As horrible as was the killing, as oppressive as was Rome in ways great and small, submission to the Empire offered wealth to some and at least the illusion of security to all.

It is tempting to look back at Matthew’s account of betrayal and violence and think that we have somehow grown beyond such things. While I can’t speak for others, I know this isn’t the case for me.

No, I’m not violent but how easily have I become attached to my position as a priest in the Church. I wouldn’t raise my hand against others but how easily come cutting words to my lips or rise malicious thoughts in my heart.

The difference between Herod, the citizens of Jerusalem and me is one of degree. Like Herod “and all Jerusalem with him,” my heart is often troubled when God makes even the smallest request of me.

Like the Galatians, I “bite and devour” my neighbor by my lack of charity (Galatians 5:15).

Like Saul on the road to Damascus, I “kick against the goads” (Acts 26:14).

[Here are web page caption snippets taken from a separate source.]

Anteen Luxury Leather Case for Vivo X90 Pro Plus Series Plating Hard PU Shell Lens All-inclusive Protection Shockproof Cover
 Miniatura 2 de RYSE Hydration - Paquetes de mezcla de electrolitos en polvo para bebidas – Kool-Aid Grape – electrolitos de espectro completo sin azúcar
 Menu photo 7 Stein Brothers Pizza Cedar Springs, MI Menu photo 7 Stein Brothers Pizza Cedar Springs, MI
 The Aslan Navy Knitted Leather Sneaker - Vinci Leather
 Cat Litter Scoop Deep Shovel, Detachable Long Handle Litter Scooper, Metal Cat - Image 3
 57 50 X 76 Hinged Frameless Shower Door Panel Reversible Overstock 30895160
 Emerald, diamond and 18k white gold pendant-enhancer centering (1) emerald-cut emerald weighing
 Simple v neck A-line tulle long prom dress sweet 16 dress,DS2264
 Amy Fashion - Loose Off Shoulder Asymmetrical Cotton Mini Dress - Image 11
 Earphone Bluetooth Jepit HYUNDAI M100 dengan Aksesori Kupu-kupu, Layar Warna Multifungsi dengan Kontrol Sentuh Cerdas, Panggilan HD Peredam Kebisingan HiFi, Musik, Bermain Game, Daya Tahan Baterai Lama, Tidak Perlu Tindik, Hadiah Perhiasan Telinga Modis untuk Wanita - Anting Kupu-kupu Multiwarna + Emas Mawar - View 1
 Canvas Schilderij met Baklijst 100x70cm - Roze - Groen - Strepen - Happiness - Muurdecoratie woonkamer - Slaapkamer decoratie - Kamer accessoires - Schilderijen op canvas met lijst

Like Saul, I do all this because I am more attached to the gifts than the Giver. I  love the things of God more than God Himself.

Or maybe U imagine that what I have, what I have accomplished, I have done simply on my own. Even divine grace I twist into something that I deserve, as something that is mine by right rather than from God’s love for me.

My brothers and sisters in Christ! God has blessed each of us with spiritual, intellectual, social and yes, material, gifts. When we forget that what we have we have as God’s gift to us, when we imagine that what we have, we have by right rather than grace, then, at that moment, we too become capable of great violence.

In His Incarnation, Jesus Christ has saved us not simply from condemnation in the life to come but freed us from the violence we see not only in the Scriptures but all around us. The fact that this violence is usually social and emotional rather than physically should not lull us into imagining that violence doesn’t mar our lives and doesn’t dwell in our hearts.

But having acknowledged this, we need not despair. Rather, we turn to Christ with repentance for our sins and gratitude for His many gifts.

If we do this, then when in response to the festal greeting “Christ is Born!” our response “Glorify Him!” will be more than words. Our glorification of Christ will have the power to transform our lives and the lives of all we meet.